Venezuelan opposition leader Leopoldo Lopez was jailed on Thursday for nearly 14 years on charges of inciting 2014 anti-government protests that spiraled into violence killing more than 40 people.
The ruling enraged foes of socialist President Nicolas Maduro who say Lopez is an innocent scapegoat, but it brought cheers from grassroots government supporters who view the U.S.-educated activist as a dangerous conspirator.
After a marathon session at the heavily guarded Palace of Justice, judge Susana Barreiros ruled Lopez, 44, who was arrested in February last year, had masterminded the violence and street riots that erupted for three months.
Though Lopez had publicly called for peaceful resistance to the Maduro government and was behind bars during most of the unrest, prosecutors said his speeches sent subliminal messages and constituted a call to violence.
He was ordered to return to the Ramo Verde military jail to serve a sentence of 13 years and nine months.
Lopez’s case has become a cause celebre for opposition supporters over what they deem the Maduro government’s trampling of human rights. The U.S. government, the United Nations and international rights groups had all called for Lopez’s release.
“This is not only an attack on liberty and legality … but also a provocation to the Venezuelan people,” said Jesus Torrealba, leader of the opposition coalition which includes Lopez’s Popular Will party.
Some Lopez supporters banged pots and pans in upmarket areas of Caracas, a traditional form of protest in Venezuela. Others took to social media to vent their anger, hailing Lopez as a Venezuelan “Nelson Mandela.”
The sentence was a slap in the face for the United States, which had been pressing for his release during a quiet rapprochement with Venezuela over the last few months.
U.S. Assistant Secretary of State Roberta Jacobson said she was “deeply troubled” by the ruling.
Lopez has for years been one of the most prominent hardline figures in Venezuela’s opposition. He was a successful and popular mayor of the Chacao district of Caracas until 2008.
He is the scion of wealthy families and a direct descendant of the sister of Latin American independence hero Simon Bolivar as well as of Venezuela’s first president, Cristobal Mendoza.
That blue blood creates barriers with the poor, and his confrontational style puts off some moderate opposition figures.
A 2009 U.S. government cable revealed by WikiLeaks said that some in the opposition thought Lopez “arrogant, vindictive and power-hungry,” though conceded his “enduring popularity, charisma and talent as an organizer.”
Lopez’s critics paint him as a dangerous radical in the pocket of Venezuela’s wealthy elite and the U.S. government.

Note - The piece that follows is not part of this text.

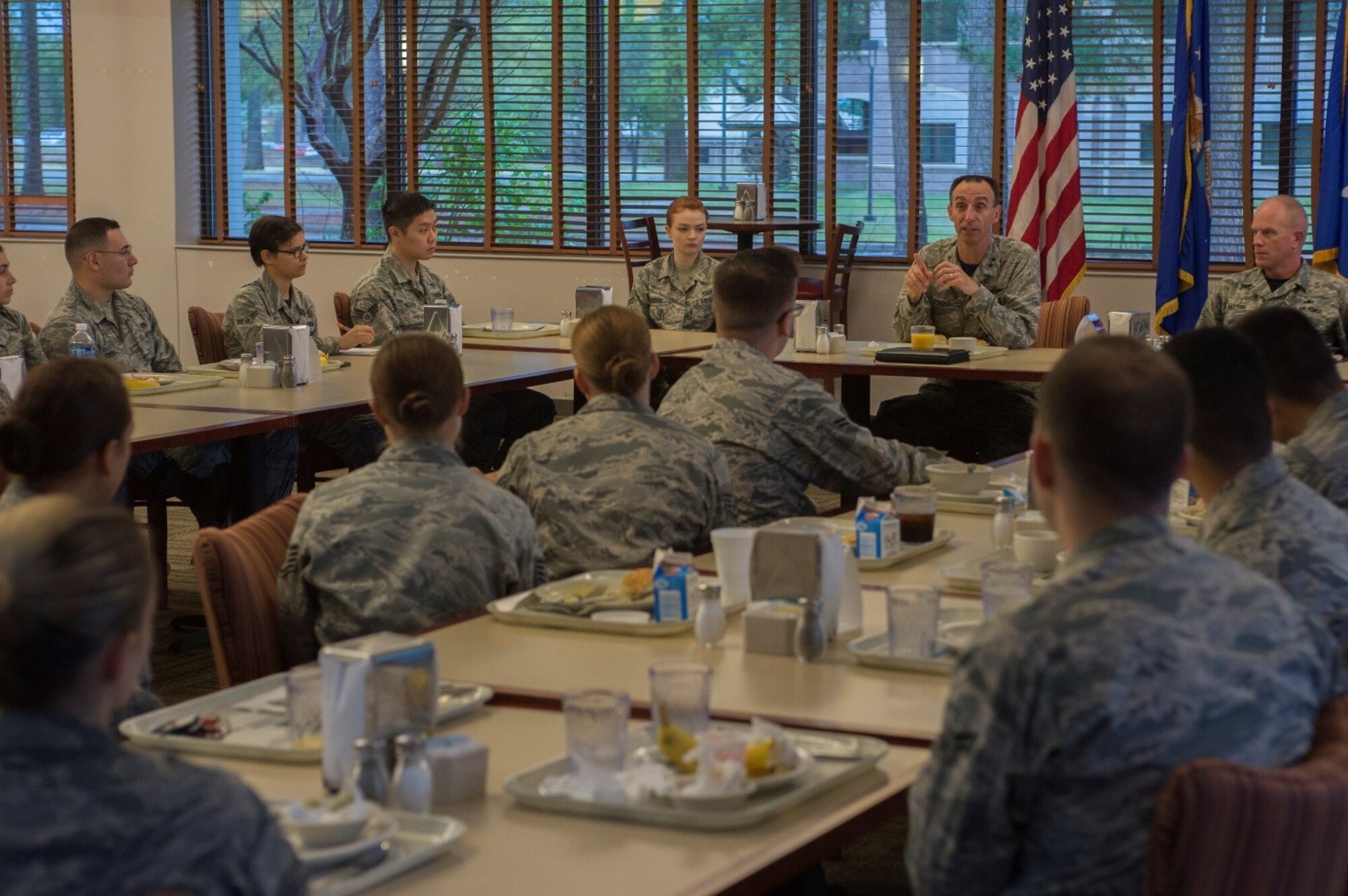 U.S. Air Force Maj. Gen. Scott Zobrist, 9th Air Force commander, and Chief Master Sgt. Frank Batten III, 9th Air Force command chief, speak with Airmen assigned to the 20th Fighter Wing during breakfast at the Chief Master Sgt. Emerson E. Williams Dining Facility at Shaw Air Force Base, S.C., March 31, 2017. Zobrist took the opportunity to encourage those Airmen involved in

They point to his attempts to unseat President Hugo Chavez in 2002. During a failed coup attempt, Lopez helped organize the illegal arrest of one of Chavez’s cabinet members.
Earlier in the day, Lopez supporters and government backers clashed outside the trial, with one opposition activist dying of a heart attack, according to Popular Will.
U.S.-based TV network Telemundo said freelance correspondent Daniel Garrido was attacked and had his equipment stolen.
Relatives of government supporters who died in the 2014 violence held a vigil outside the court on Thursday.
“Lopez caused many deaths,” said Delcy Diaz, 45, who works in a government-run welfare project.
Lopez’s team plans to appeal, and the ruling may bring protests against Maduro. But opposition leaders are trying to keep supporters focused on a December parliamentary election where polls show the ruling Socialist Party may fare badly due to Venezuela’s economic crisis.
“With elections in which they are poised to win, there is little appetite in the larger segment of the opposition for a renewed protest movement,” said Venezuela analyst David Smilde, a professor at Tulane University.